## [Task to carry out]
Retype the listing exactly; omit pictures.

## [Provided information]
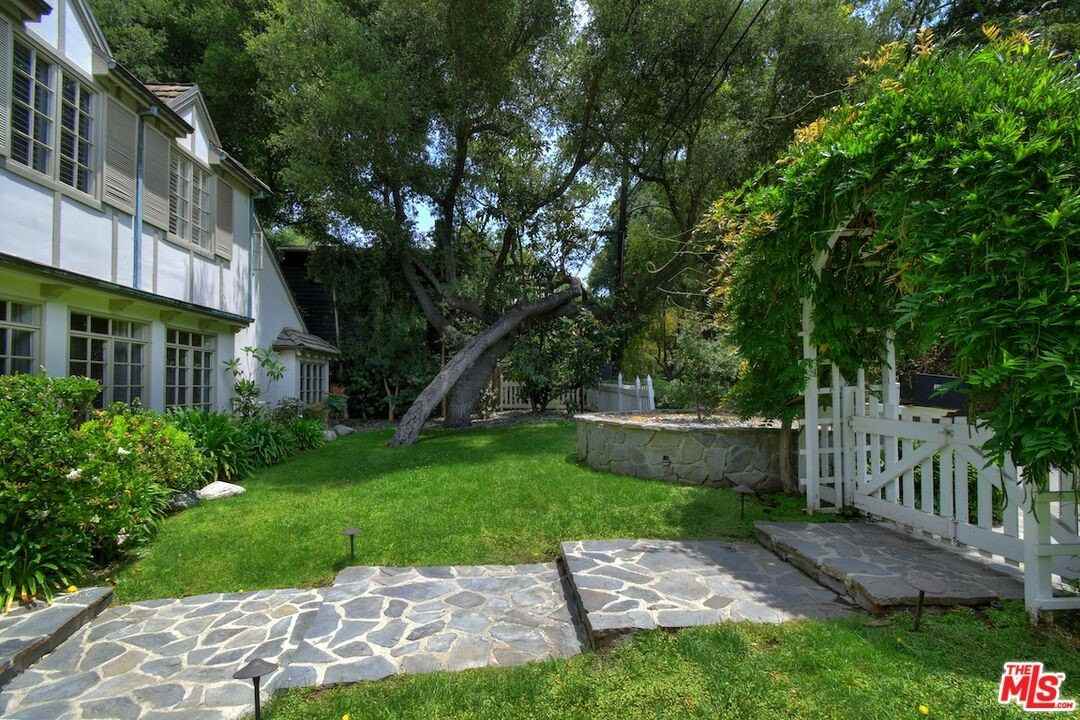 3254 Oakdell Road - Photo 6 of 49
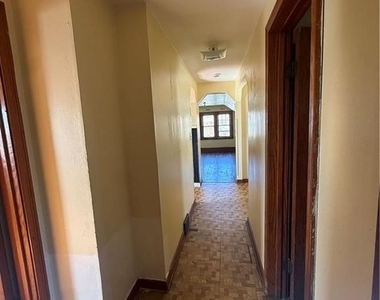 3 Courtland Avenue - Photo Thumbnail 2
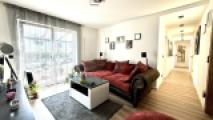 Wohnzimmer EG Wohnung (5)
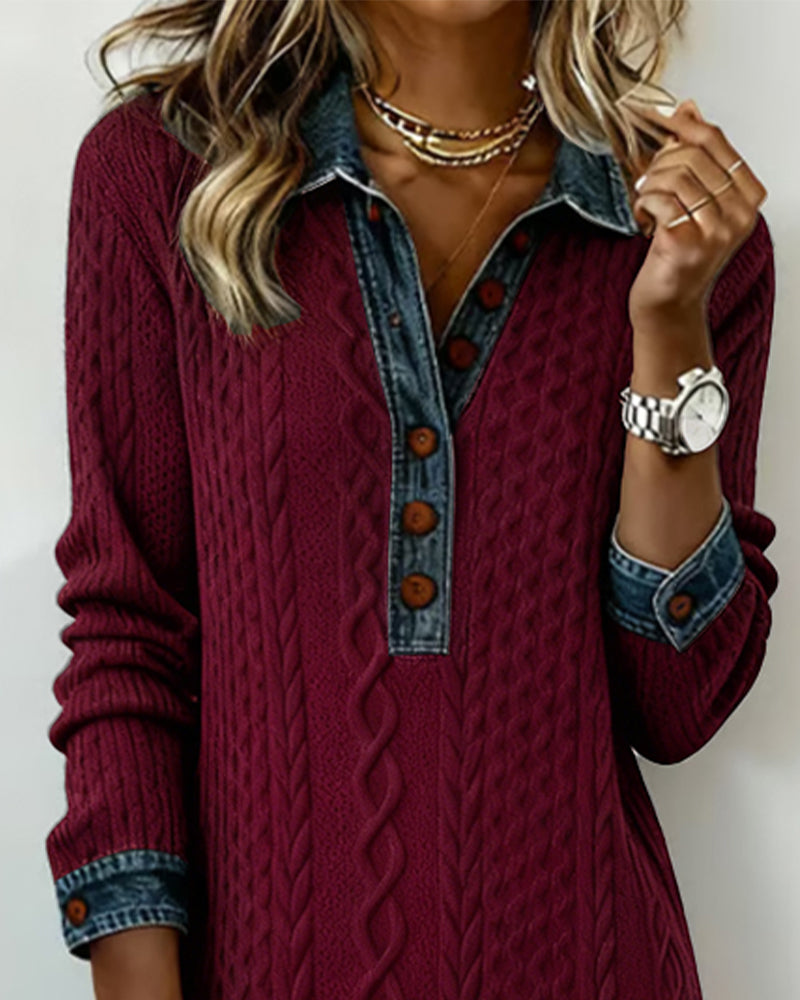 Sukienka z kołnierzykiem z denimu, ściegiem kablowym i patchworkiem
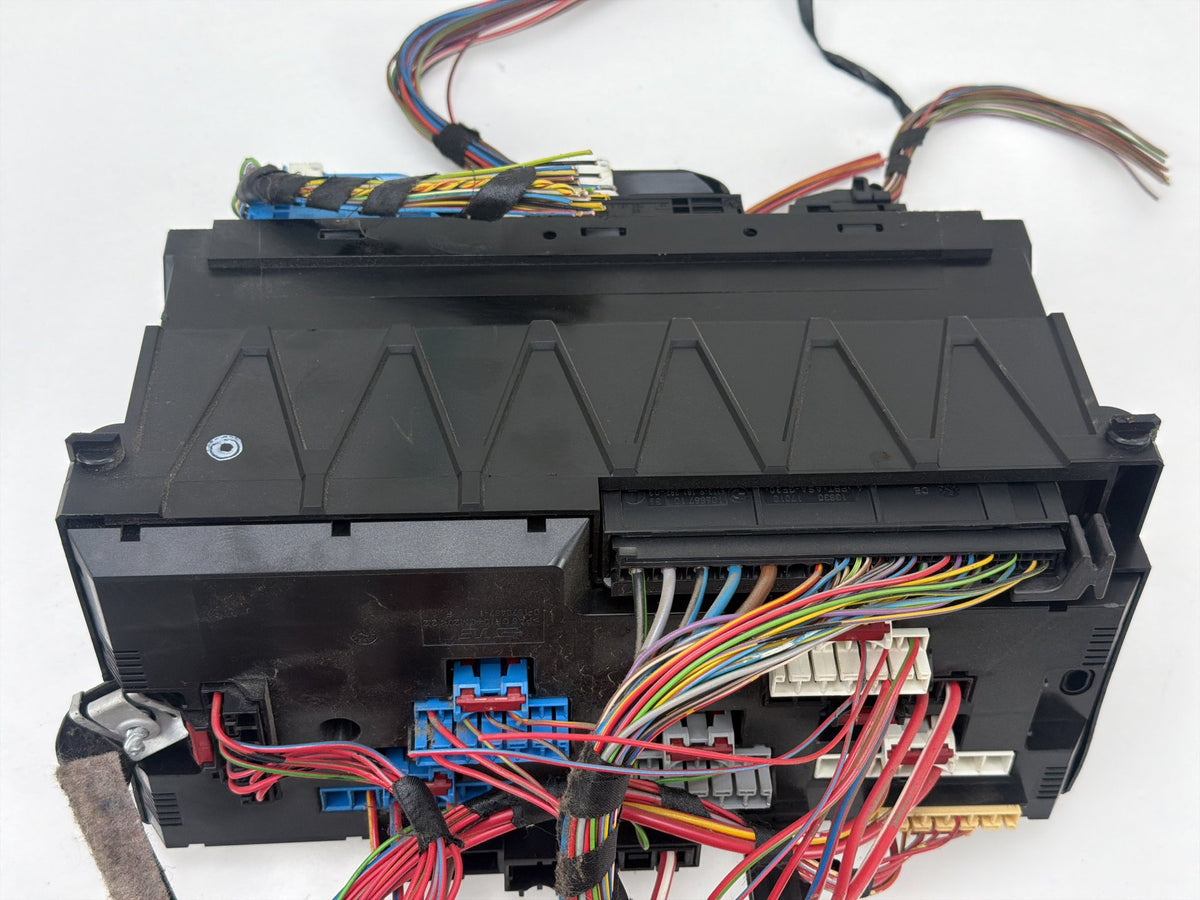 2011-2016 BMW 535I 528I 535I XDrive 5 Series Front Power Distribution Box OEM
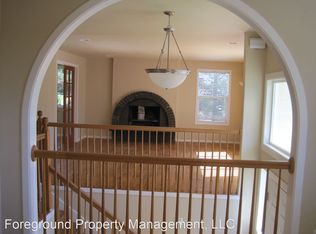 9242 NE 135th St, Kirkland, WA 98034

## [Answer section]
 3254 Oakdell Road - Photo 6 of 49
 3 Courtland Avenue - Photo Thumbnail 2
 Wohnzimmer EG Wohnung (5)
 Sukienka z kołnierzykiem z denimu, ściegiem kablowym i patchworkiem
 2011-2016 BMW 535I 528I 535I XDrive 5 Series Front Power Distribution Box OEM
 9242 NE 135th St, Kirkland, WA 98034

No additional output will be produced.